One of these conservation practices is the research project entitled Assessing Protected Areas as a Conservation Tool in a Local Lobster Management Area of Bonavista Bay, Nfld. It is a collaboration between Memorial University, the Department of Fisheries and Oceans, and Parks Canada. The lobster protection committee initiated the project and invited the three parties to join in their efforts to try to increase the lobster population. The invitation was accepted, and today, an exciting project is under way where fishermen are assuming a significant role in controlling their own fishery.
The project involves the closure of two prime lobster habitat areas where research is being conducted. Methods include tagging lobsters in the closed fishing areas as well as the adjacent fished areas, and releasing them back into the water to try to determine their travel patterns over a period of time and the extent of any interchange between lobsters in the closed areas and the fished populations.
Another aspect of the research involves fishermen maintaining records of their daily catches in a logbook. This information will be transferred to computer files by local high school students. The data will then be analysed and compared to previous catches.

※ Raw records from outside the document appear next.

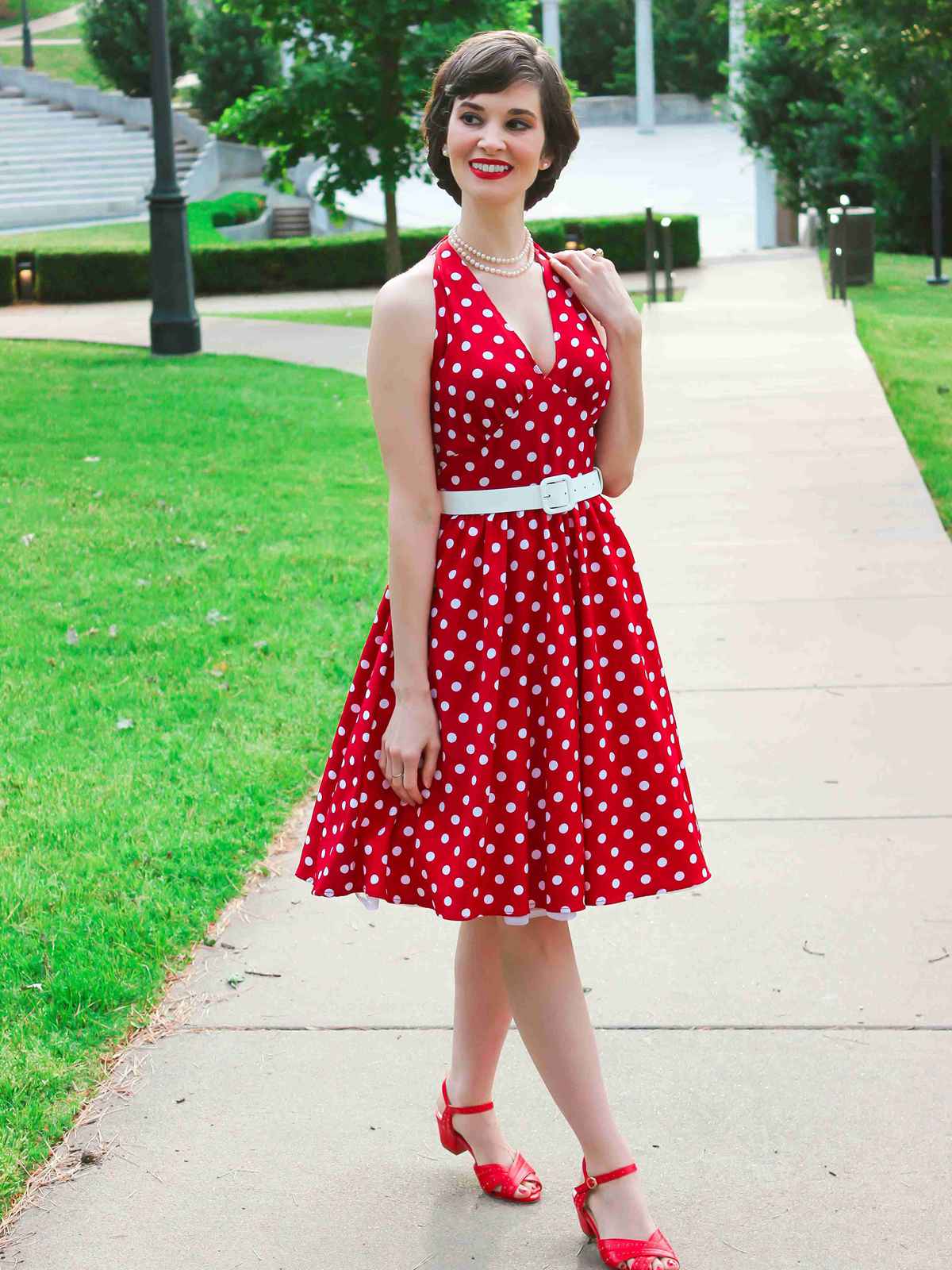 Rot 1950er Polka Dot Halter Kleid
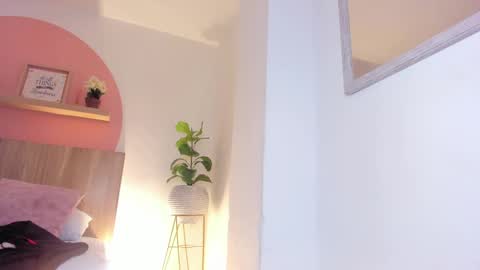 Snapshot of izaro_22 chatting on 8, 2, 2025 Iza online show from 8, 2, 2025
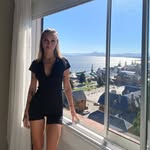 Abril Velazquez - @velazquezabril_ - Instagram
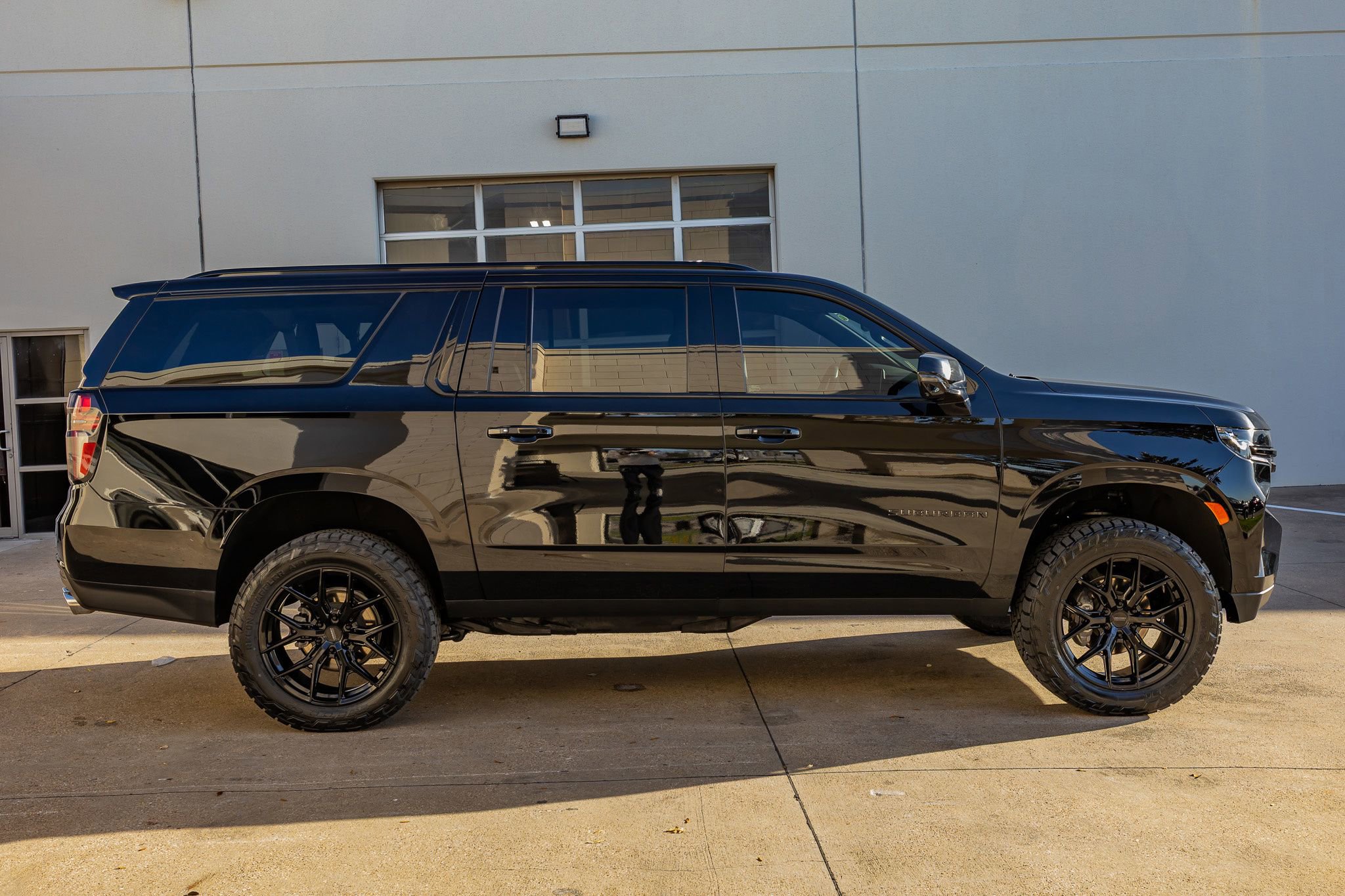 Used 2023 Chevrolet Suburban RST w/ Sport Performance Package image 11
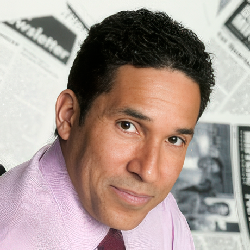 Headshot of Oscar Martinez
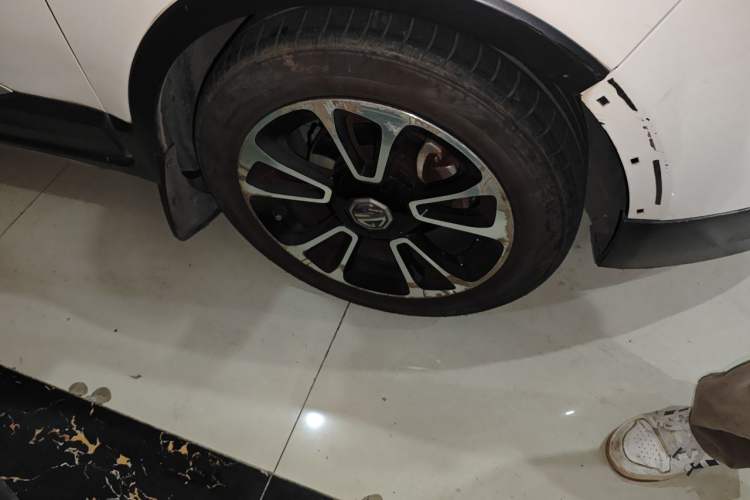 Used MG 3SW 2015 1.5L AMT Elite Model Right Front Wheel Hub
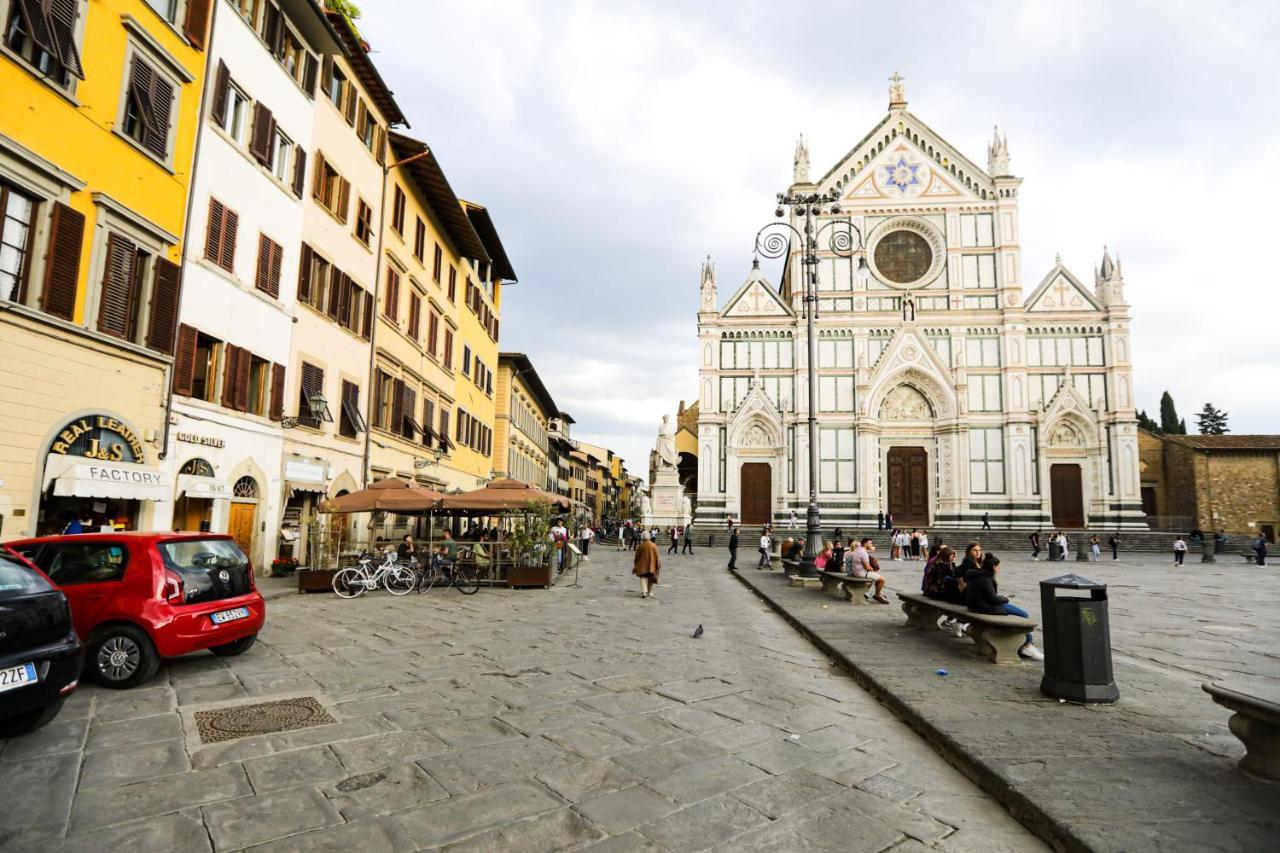Апартаменты Luxurious View On Santa Croce Флоренция Экстерьер фото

Dr. Jack Lawson, Ocean Sciences Centre, said the university's role was to build on the ideas and initiatives of the Eastport Peninsula Lobster Protection Committee, facilitating the participation of a number of parties, both science and non science, and involving Memorial graduate students in the research.
"The first student we had . . . helped us with the tagging of the lobsters," said Dr. Lawson. "So far, we've tagged, measured, and sexed a total of 700 lobsters both inside and outside the closed areas. The new student that we will have in the spring will be conducting the field science of the project, which will be to look at the survival rate of larval lobsters, to look at the movement of the tagged lobsters, to do some analysis of the fishing data from the fishermen, and to implement some of these acoustic tags."

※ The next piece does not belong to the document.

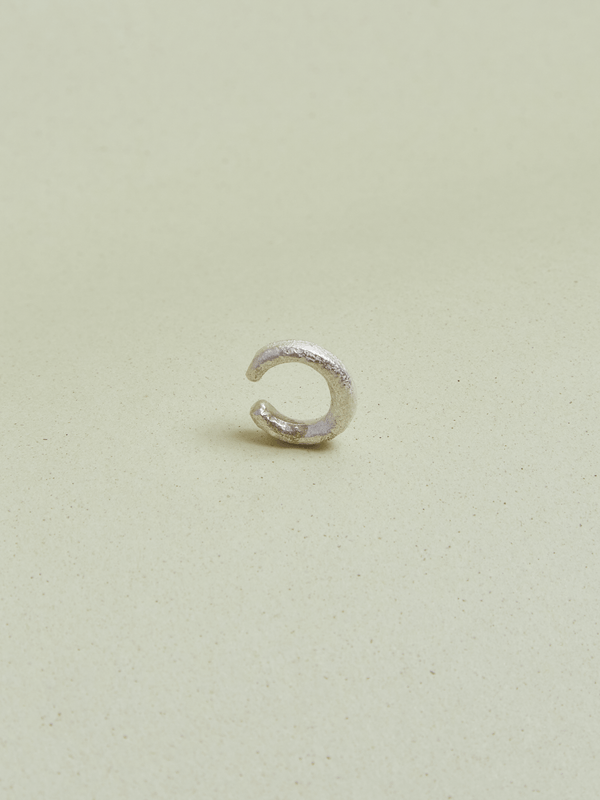 Earcuff Palo Pino Plata Ley Pequeño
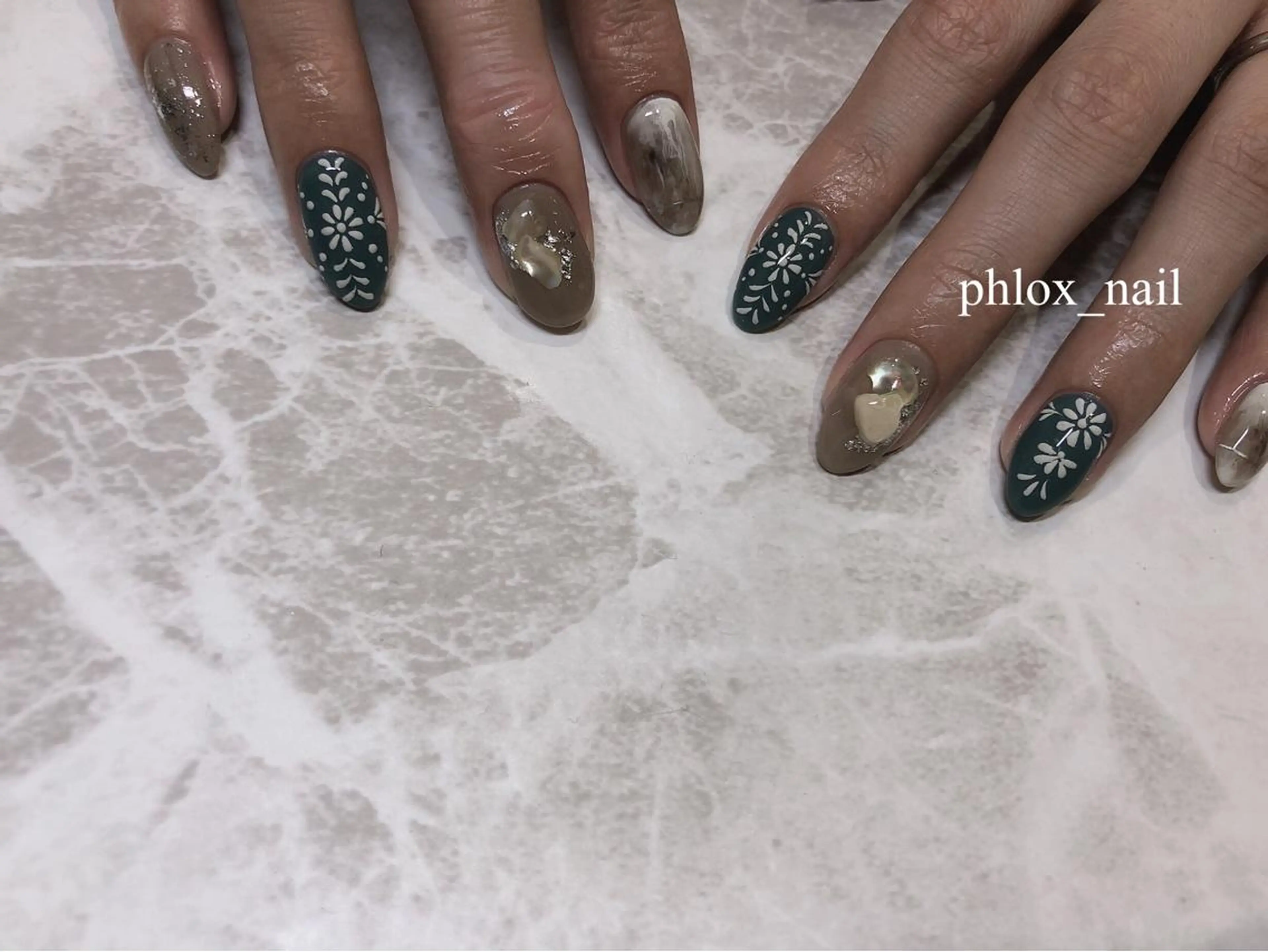 ネイル s/w _shokoのネイルデザイン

Although the project is still in its early stages, Dr. Lawson said he is optimistic it will be successful.
"It will be a success from the standpoint that it's brought together a variety of people that don't normally work together, and also because it's going to be a long term project. I suspect it will go beyond the graduate level and will last 10 to 12 years. It's a project that will be managed and run by the local stakeholders rather than us as outsiders."
So far, preliminary results have been very encouraging, showing that the closed areas encompass good lobster habitat and the proportion of female lobsters with eggs is greater within the protected areas than in nearby fished areas.
"These results will be confirmed and additional questions answered once the fishermens' logbook analysis and field research begins next spring," said Dr. Lawson.
He added that the research project, which is funded by the Canadian Centre for Fisheries Innovation, is a forward step for the province's lobster fishery.
"It's positive in that conservation has been targeted for a number of years by the FRCC as an important means to stabilize and re build the commercial lobster fishery. Given that this conservation took place at fishermen's urging, it is clear to me that these stakeholders are serious about developing conservation methodology and in doing so in a co operative manner with managers from DFO and scientists from outside agencies. In my view this is the way of the future for many fisheries," explained Dr. Lawson.
He said he doesn't think this type of project should end in Eastport. He is hoping it will be extended around the province, perhaps to other fished species that have ties to habitat, such as lumpfish.